#### Provided material
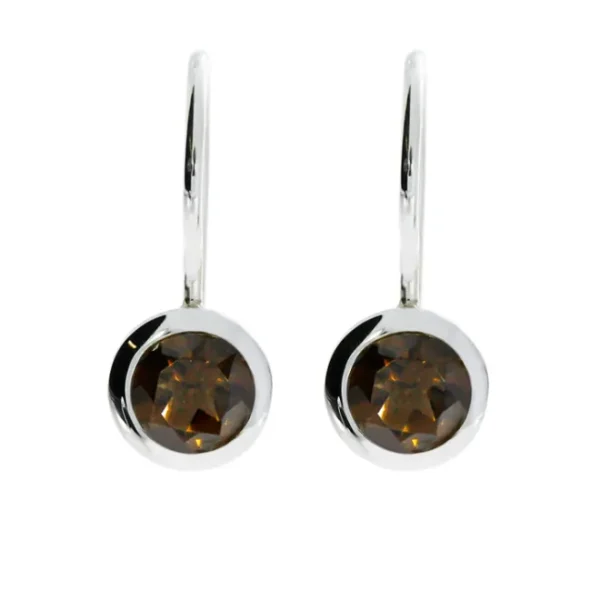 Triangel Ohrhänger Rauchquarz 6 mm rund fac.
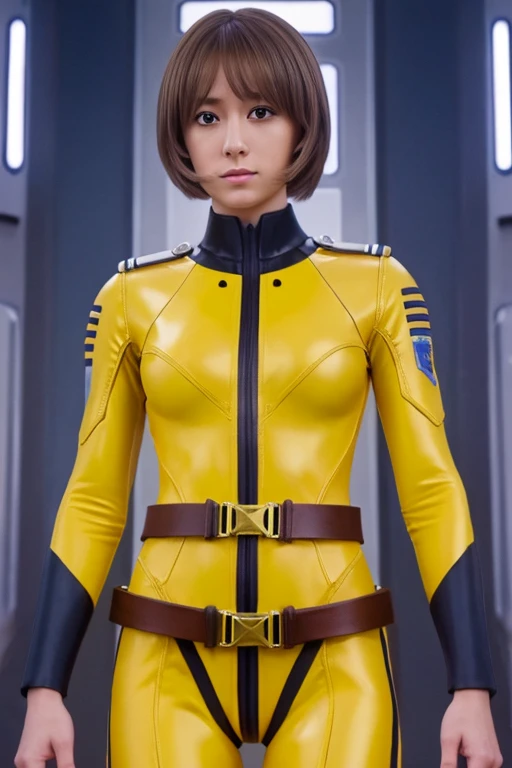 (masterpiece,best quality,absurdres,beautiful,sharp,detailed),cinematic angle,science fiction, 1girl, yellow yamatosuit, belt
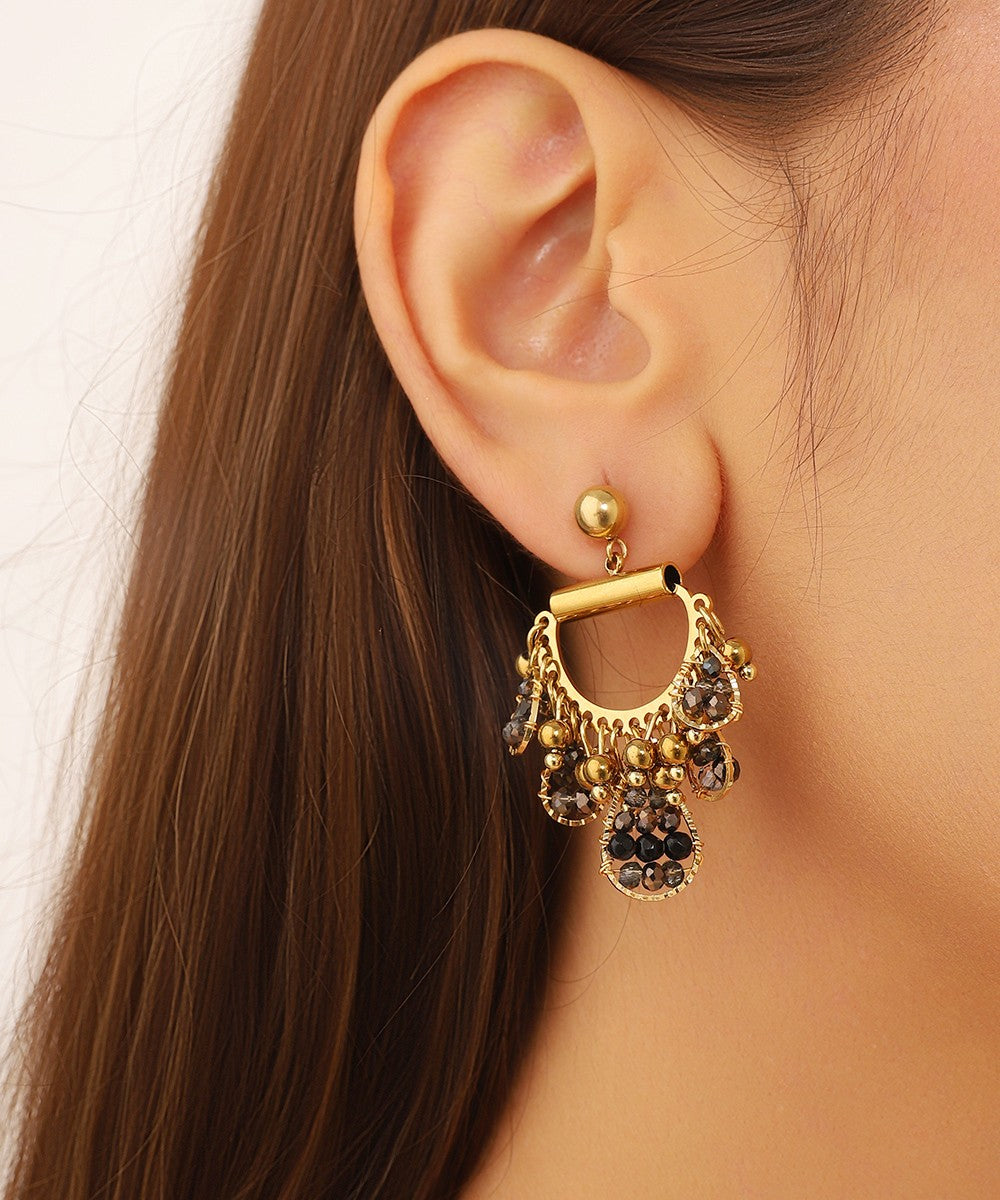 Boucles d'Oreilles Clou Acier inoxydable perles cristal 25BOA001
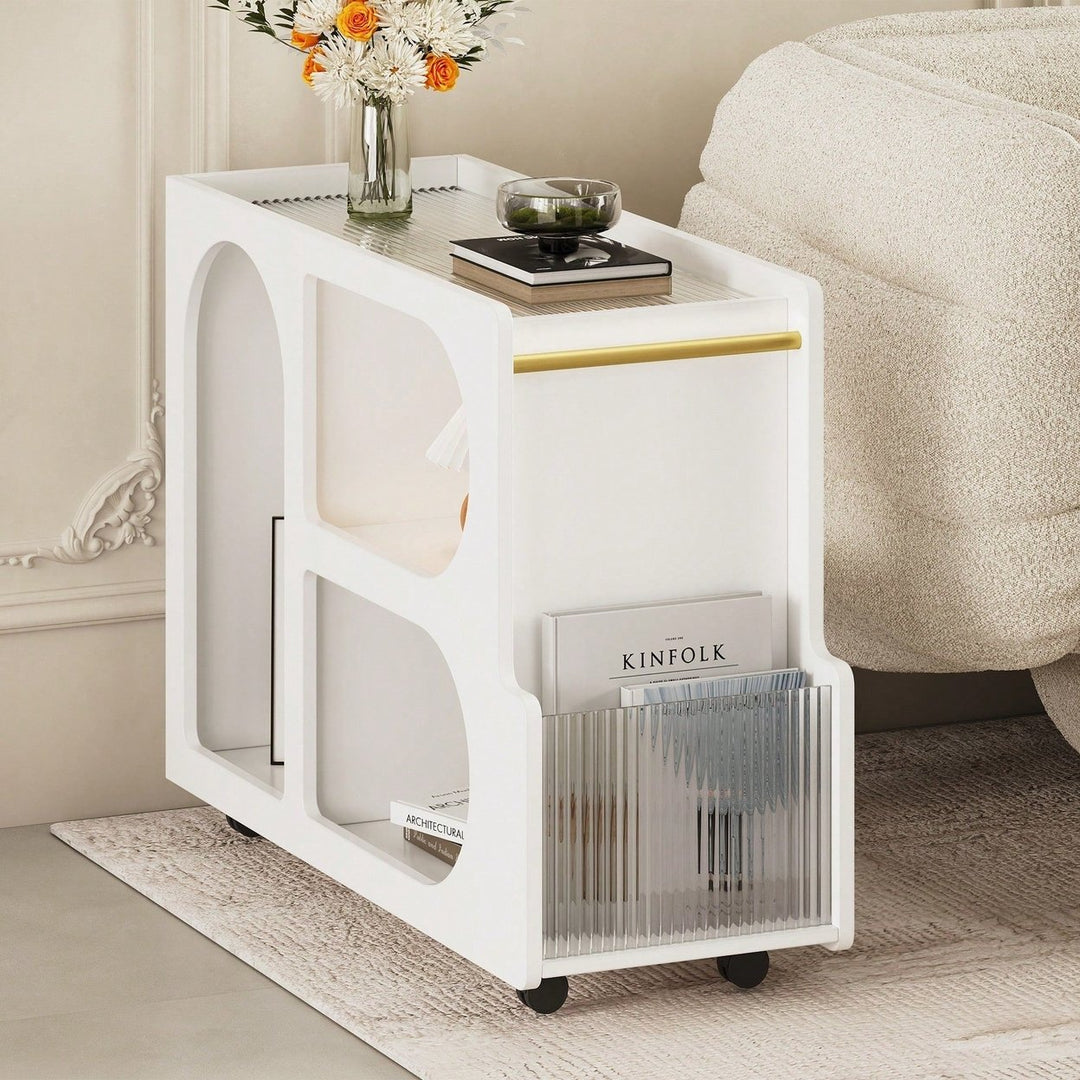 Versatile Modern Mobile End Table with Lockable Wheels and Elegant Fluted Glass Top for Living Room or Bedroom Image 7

--

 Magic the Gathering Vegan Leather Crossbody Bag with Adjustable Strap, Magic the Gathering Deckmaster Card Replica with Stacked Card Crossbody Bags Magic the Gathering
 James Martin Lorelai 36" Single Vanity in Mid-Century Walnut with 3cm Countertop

* * *

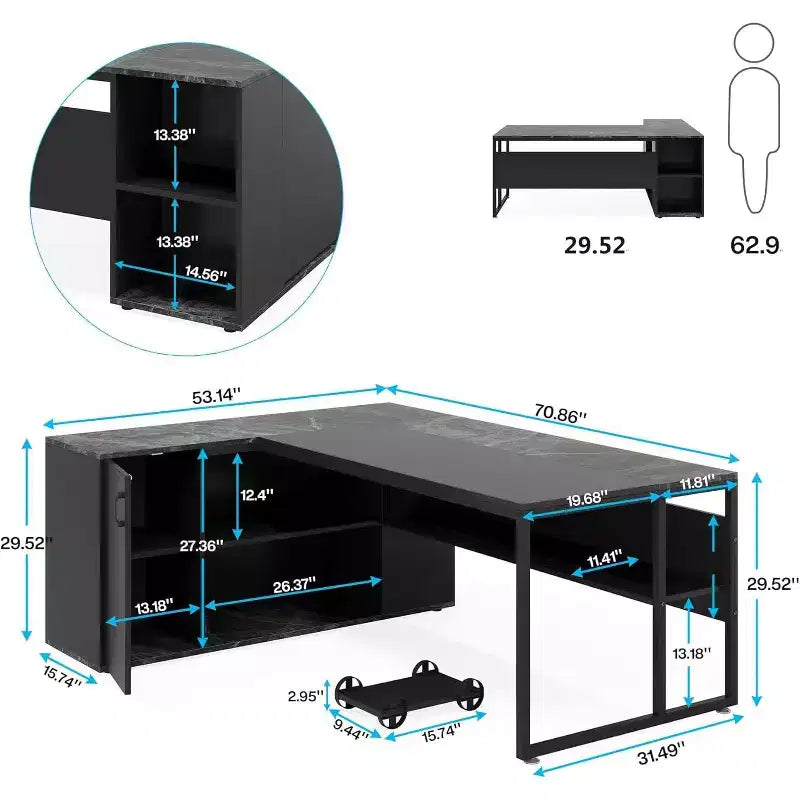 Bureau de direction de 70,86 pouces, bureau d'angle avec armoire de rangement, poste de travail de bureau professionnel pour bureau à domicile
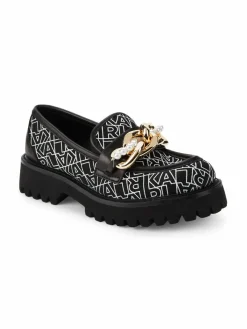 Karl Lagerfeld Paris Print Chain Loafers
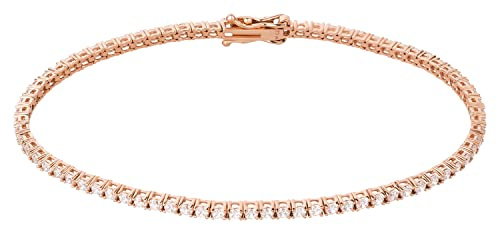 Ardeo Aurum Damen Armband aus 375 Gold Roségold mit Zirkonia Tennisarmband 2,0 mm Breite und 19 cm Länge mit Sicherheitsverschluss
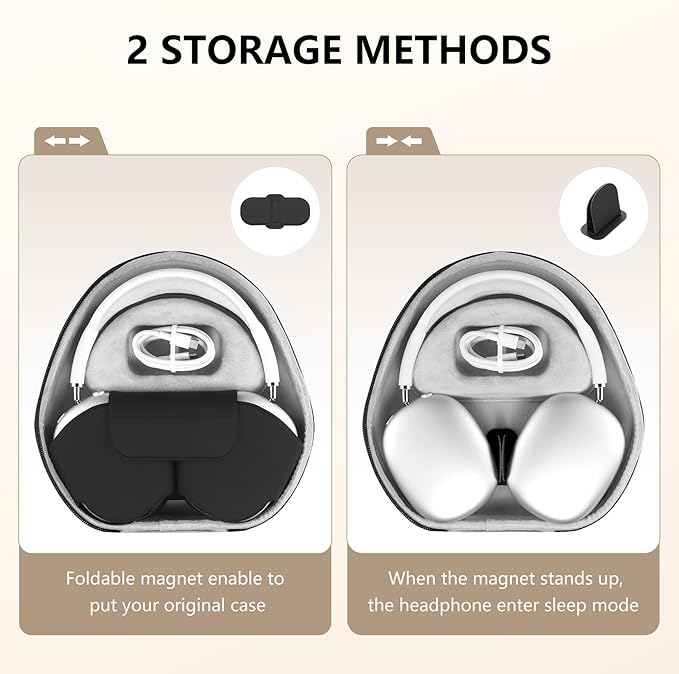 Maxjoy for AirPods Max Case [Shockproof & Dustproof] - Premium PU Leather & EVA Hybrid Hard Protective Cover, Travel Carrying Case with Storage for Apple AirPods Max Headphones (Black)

#### Work instructions
Because only one stretch of the records is wanted, please output the lines from the one holding "Karl Lagerfeld Paris Print Chain Loafers" through the one holding "Maxjoy for AirPods" exactly, both included, and leave every picture out.

#### Result of the task
 Karl Lagerfeld Paris Print Chain Loafers
 Ardeo Aurum Damen Armband aus 375 Gold Roségold mit Zirkonia Tennisarmband 2,0 mm Breite und 19 cm Länge mit Sicherheitsverschluss
 Maxjoy for AirPods Max Case [Shockproof & Dustproof] - Premium PU Leather & EVA Hybrid Hard Protective Cover, Travel Carrying Case with Storage for Apple AirPods Max Headphones (Black)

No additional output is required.